Both Rivlin and Prince Michel referred to Elie Wiesel, who died recently, as the voice of Holocaust memory.
Rivlin said that Wiesel was “perhaps the greatest example of the strength of the human spirit – a man who gave the Holocaust a face and the victims a voice.”
Albert Pacimora, who came on aliya with his wife two years ago and now lives in Ramat Poleg, was with four other children when the Nazis began rounding up Jews in Brussels.
A member of the Jewish resistance called the mothers of all five and warned them that their children were in danger of being either killed or deported to Germany. Four of the mothers felt there was nothing they could do to change the situation.
The only mother who thought differently was Pacimora’s mother, Frida, who was also in the resistance and delivered food to Jews in hiding. She was the only mother who came to protect her child.
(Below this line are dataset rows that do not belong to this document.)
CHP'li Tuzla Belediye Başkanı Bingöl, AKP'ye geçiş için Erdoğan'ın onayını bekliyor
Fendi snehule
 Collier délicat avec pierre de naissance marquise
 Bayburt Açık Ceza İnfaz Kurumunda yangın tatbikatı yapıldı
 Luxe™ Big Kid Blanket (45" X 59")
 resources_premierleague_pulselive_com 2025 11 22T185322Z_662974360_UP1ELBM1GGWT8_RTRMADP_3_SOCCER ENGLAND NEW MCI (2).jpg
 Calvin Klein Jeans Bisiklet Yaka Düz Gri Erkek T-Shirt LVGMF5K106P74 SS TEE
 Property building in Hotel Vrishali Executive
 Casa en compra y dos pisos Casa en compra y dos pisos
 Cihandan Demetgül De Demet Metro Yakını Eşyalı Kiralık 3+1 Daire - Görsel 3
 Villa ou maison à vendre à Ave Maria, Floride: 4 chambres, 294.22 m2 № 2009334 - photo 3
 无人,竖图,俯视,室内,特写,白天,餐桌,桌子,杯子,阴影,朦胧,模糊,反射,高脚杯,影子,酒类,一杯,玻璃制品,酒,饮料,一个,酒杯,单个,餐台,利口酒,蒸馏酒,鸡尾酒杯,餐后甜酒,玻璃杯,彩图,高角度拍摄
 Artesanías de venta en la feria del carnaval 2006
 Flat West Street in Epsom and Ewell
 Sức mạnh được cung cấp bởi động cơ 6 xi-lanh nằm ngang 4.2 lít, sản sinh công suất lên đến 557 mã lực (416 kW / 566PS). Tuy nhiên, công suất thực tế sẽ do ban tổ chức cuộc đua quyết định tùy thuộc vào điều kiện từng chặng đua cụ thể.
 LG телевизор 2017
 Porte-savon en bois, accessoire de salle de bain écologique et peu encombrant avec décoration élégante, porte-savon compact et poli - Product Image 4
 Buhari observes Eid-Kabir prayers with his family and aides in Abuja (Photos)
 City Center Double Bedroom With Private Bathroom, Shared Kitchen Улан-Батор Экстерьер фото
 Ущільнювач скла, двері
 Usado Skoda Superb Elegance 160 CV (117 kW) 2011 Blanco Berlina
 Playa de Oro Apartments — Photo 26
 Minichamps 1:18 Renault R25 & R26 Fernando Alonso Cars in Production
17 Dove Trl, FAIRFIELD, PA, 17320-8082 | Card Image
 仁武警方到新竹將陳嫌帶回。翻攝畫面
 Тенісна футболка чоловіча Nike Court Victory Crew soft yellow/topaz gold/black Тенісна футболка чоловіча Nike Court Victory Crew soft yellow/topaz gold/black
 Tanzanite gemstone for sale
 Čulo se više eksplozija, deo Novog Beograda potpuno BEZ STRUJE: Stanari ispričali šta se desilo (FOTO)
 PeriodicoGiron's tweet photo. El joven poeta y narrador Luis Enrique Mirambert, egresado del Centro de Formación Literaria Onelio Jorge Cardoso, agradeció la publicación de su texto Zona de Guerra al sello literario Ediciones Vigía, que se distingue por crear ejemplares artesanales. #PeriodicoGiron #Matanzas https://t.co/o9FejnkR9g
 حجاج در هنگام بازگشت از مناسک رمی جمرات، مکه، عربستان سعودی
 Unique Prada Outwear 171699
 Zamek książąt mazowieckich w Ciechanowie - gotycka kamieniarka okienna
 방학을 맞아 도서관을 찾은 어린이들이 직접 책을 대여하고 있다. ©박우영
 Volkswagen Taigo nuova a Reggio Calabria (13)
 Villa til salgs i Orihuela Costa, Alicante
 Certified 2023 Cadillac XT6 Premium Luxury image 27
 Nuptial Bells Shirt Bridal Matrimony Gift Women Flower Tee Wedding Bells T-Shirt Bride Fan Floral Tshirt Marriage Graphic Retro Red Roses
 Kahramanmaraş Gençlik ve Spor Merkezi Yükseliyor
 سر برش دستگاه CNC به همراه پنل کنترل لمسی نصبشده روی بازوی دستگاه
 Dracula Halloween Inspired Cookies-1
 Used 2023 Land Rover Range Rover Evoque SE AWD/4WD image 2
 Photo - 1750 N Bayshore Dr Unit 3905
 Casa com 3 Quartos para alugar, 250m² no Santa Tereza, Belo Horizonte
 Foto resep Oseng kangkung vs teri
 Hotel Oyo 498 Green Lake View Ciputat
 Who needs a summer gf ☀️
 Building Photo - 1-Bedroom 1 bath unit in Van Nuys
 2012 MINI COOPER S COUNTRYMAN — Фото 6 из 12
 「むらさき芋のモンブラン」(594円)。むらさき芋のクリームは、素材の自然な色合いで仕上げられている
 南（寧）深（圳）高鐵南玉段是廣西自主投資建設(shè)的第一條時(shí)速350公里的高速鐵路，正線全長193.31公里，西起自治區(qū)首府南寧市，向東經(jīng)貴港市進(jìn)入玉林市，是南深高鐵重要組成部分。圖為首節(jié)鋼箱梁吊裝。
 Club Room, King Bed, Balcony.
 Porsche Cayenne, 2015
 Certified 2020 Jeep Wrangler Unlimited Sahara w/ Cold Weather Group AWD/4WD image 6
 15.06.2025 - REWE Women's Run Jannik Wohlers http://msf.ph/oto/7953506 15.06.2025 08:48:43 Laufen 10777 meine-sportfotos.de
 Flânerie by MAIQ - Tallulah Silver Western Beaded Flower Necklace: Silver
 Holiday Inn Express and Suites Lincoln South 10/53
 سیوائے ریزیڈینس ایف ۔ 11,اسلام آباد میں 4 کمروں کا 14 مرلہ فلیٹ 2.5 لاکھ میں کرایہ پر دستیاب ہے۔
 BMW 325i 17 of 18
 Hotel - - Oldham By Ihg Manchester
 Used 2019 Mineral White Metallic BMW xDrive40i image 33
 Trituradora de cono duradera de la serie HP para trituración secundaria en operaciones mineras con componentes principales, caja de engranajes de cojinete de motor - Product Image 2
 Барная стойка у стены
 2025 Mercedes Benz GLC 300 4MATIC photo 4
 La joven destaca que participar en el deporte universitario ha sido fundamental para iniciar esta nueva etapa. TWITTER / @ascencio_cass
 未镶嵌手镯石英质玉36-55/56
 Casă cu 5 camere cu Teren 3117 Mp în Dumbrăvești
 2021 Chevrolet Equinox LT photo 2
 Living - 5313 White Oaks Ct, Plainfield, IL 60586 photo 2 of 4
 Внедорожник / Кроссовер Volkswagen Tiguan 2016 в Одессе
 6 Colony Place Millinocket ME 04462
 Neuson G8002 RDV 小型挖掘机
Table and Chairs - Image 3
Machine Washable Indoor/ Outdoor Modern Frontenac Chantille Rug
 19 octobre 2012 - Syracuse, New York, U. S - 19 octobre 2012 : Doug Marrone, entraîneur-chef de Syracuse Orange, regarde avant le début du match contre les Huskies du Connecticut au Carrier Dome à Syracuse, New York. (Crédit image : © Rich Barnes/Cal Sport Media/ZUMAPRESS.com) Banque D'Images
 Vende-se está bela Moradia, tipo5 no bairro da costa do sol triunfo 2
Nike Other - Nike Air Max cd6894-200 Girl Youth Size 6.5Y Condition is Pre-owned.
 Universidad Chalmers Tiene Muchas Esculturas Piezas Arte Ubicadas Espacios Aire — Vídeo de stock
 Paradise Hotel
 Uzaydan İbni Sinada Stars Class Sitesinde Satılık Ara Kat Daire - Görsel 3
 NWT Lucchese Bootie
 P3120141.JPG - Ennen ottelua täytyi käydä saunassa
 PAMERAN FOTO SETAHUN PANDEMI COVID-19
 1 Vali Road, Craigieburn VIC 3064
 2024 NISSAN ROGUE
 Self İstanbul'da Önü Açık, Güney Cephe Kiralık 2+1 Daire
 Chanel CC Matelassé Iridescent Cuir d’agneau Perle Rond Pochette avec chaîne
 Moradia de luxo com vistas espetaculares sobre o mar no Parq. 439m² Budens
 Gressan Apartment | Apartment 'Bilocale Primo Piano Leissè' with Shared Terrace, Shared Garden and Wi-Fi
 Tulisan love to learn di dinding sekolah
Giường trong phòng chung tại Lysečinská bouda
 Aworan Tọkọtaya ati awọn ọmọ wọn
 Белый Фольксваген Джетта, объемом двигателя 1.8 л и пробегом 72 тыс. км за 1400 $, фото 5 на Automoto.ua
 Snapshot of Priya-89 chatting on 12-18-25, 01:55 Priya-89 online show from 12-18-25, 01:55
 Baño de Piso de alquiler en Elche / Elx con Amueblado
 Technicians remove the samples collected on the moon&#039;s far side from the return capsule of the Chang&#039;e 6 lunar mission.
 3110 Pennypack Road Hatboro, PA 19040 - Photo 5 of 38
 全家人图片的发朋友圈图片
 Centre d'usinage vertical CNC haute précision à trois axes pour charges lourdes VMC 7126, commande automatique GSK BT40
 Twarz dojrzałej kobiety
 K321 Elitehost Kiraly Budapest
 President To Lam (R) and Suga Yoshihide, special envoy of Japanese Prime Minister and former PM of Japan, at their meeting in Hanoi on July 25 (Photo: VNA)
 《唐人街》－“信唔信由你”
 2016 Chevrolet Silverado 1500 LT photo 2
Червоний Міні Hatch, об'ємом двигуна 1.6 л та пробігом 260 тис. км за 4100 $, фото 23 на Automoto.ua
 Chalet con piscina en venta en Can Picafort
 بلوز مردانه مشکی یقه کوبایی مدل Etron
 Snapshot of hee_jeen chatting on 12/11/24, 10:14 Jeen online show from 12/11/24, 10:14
At first he was sent to Waterloo for five months and then to Beloeil, where no one mentioned the word “Jew.”
“We Jewish children became very good Christians,” he recalled, “the girls more so than the boys.” The youngsters had to recite their catechism every day, “and if we didn’t do it properly, the nuns would give us a wallop on the ear. I can still feel it after all these years.
At the time we thought they were cruel – but they saved our lives, while other Jewish children died.”
Pacimora’s father, Moiszek, was one of the heroes of the resistance and after the war was decorated by the king. Pacimora brought his medals and ribbons as proof. He also brought an inscribed medal that was given to his mother by Israel’s founding prime minister, David Ben-Gurion, during a visit to Belgium in 1948. Pacimora paid his personal debt to Belgium by serving in the Belgian army.
For Prince Michel this is his second visit to Israel. The first was in the mid-1970s when Israel still had control over Sinai. He spent two-and-a-half months in Israel on that occasion, traveling from the extreme north to the extreme south.
Two of his aunts, Yolande de Ligne and Ginette vam der Straeten Ponthoz, who personally took care of the children during the war, would have loved to come to Israel, he said, but both are in their 90s and the journey would have been too strenuous for them.
His sister Princess Anne de Ligne spent a month as a volunteer at Kibbutz Nir David in the Beit She’an valley in northern Israel. She was 20 years old at the time and had studied agriculture in Germany and Belgium and thought it would be a good idea to get some hands-on experience in Israel.
What impressed her most during that time was an elderly woman who endlessly peeled potatoes in the kitchen, and when asked if she wasn’t bored replied: “I’m doing this for my country.”
On this particular visit Prince Michel became enamored with Jerusalem, and told The Jerusalem Post, “I wish could come back and work here.”